I don't have any data to prove it but I think Mac users don't bother "cleaning up" after they are done with their computers.

I think windows and Linux users usually shut down their laptops when they are done.

I believe this is because of how Mac is designed, nothing really closes. You close an app and it's just "minimized". Same behavior as with the lid, you close the lid and it suspends.

If I recall correctly, at some point, this also affected the iPhone, you were not able to "fully close" apps and they decided to add a screen so you could swipe and "close" the app (some run in the background, same as android)

arthurofbabylon 5 hours ago | parent | next [-]

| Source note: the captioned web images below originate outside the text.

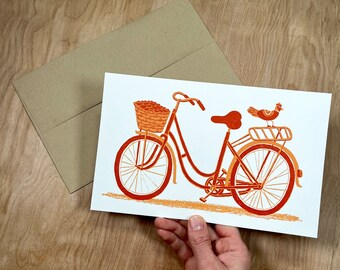 1 LADIES BICYCLE PRINT, fat tire bike, girls bike card, letterpress print, vintage decor, bicycle art decor, bike wall, bike greeting card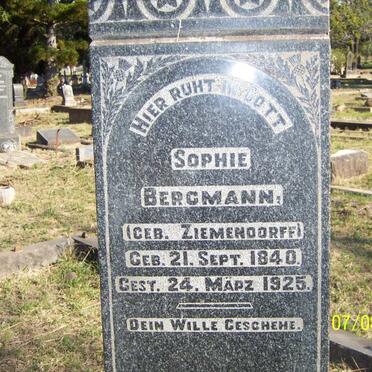 BERGMANN Sophie nee ZIEMENDORFF 1840-1925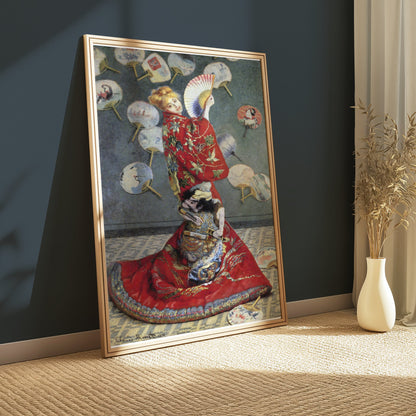 Premium Poster of Beautiful Asian Art Lady with Fans Decorative Posters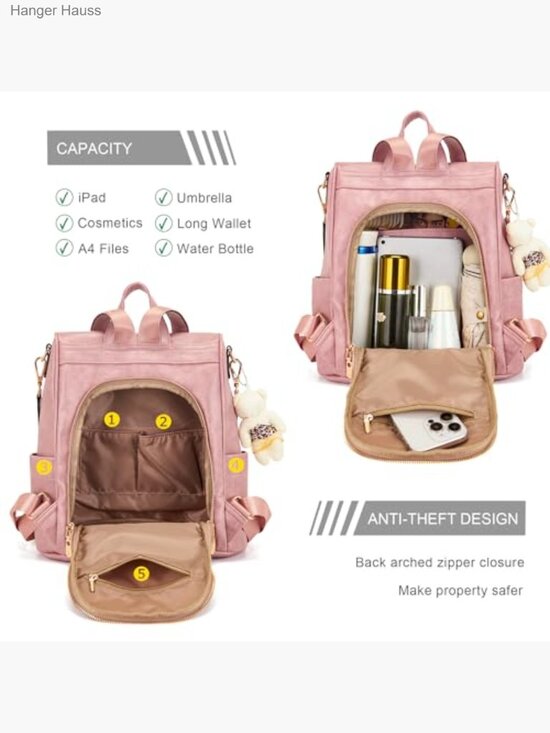 Women Fashion Backpack Purse Anti-Theft Leather Shoulder Bag Travel Multi main image 5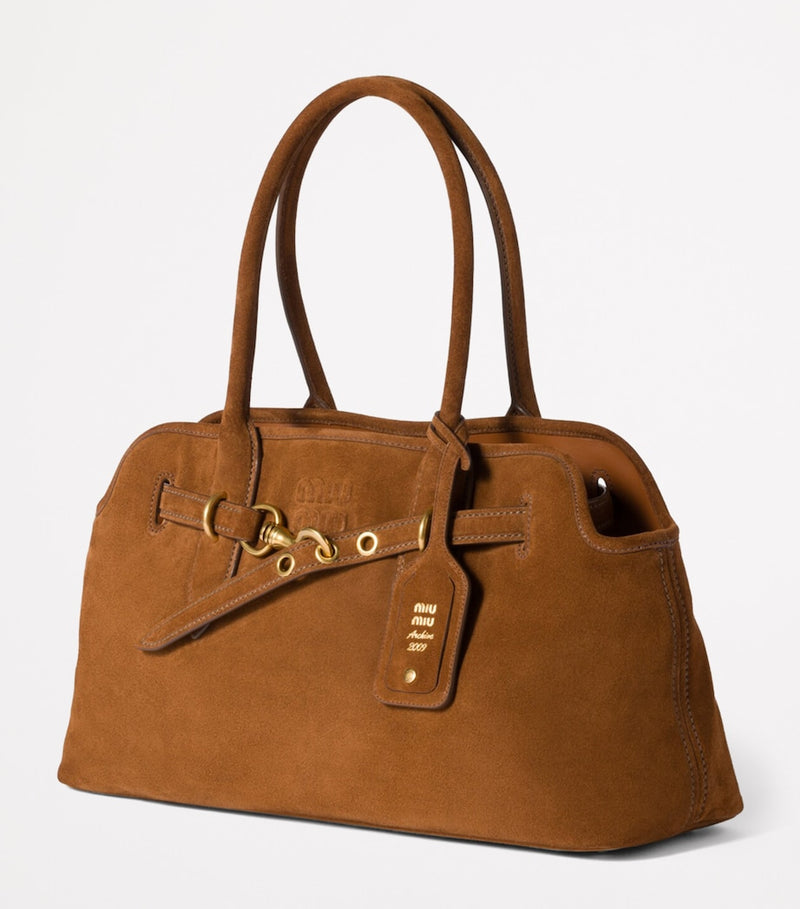 Miu Miu Aventure suede top-handle bag, UK version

I think your model of open/closed is incomplete and thus misleading. There are more states to a process than "active" and "inactive," and it is not optimal for the system to simply move processes between those two gross states. The obvious example is non-foreground apps during multitasking. A less obvious example is an app during a background refresh.

"Fully closing" a process is not necessarily cleaner than letting the system allocate intelligently, despite what one's puritanical upbringing might make them believe. (Consider how artists often need a messy space to optimally hold their processes.)

gonzalohm 5 hours ago | parent [-]

I think my point is that minimizing the process doesn't free the ram it's using. Closing it, even if it stays running in the background, should free up resources

kps 5 hours ago | parent | prev | next [-]

> I believe this is because of how Mac is designed

Yes, that they actually got sleep working properly.

gonzalohm 5 hours ago | parent | next [-]

What's the point of sleeping your computer? If you are not using it then it's better to just turn it off

zanecodes 3 hours ago | parent | next [-]

So I don't have to spend 10-15 minutes saving all my open files (including the scratchpad ones I haven't named) and then later reopening all my applications, recreating all of my tmux windows and panes, setting up my vim splits and tabs again, and starting all of my stopped Docker containers?

zenoprax 2 hours ago | parent | next [-]

I have a feeling someone is going to jump in with a "solution" to each of these forgetting that lots of work is ephemeral/transient and undeserving of even the slightest bit of automation or pre-configuration.

nok22kon 2 hours ago | parent | prev [-]

funny, decent text editors like VS Code save even the unnamed unsaved files

jerf 2 hours ago | parent | prev | next [-]

Now that I have an nvme SSD in all my computers and boot times are roughly 10-15 seconds or so unless something has gone wrong, the advantage of sleeping is somewhat mitigated.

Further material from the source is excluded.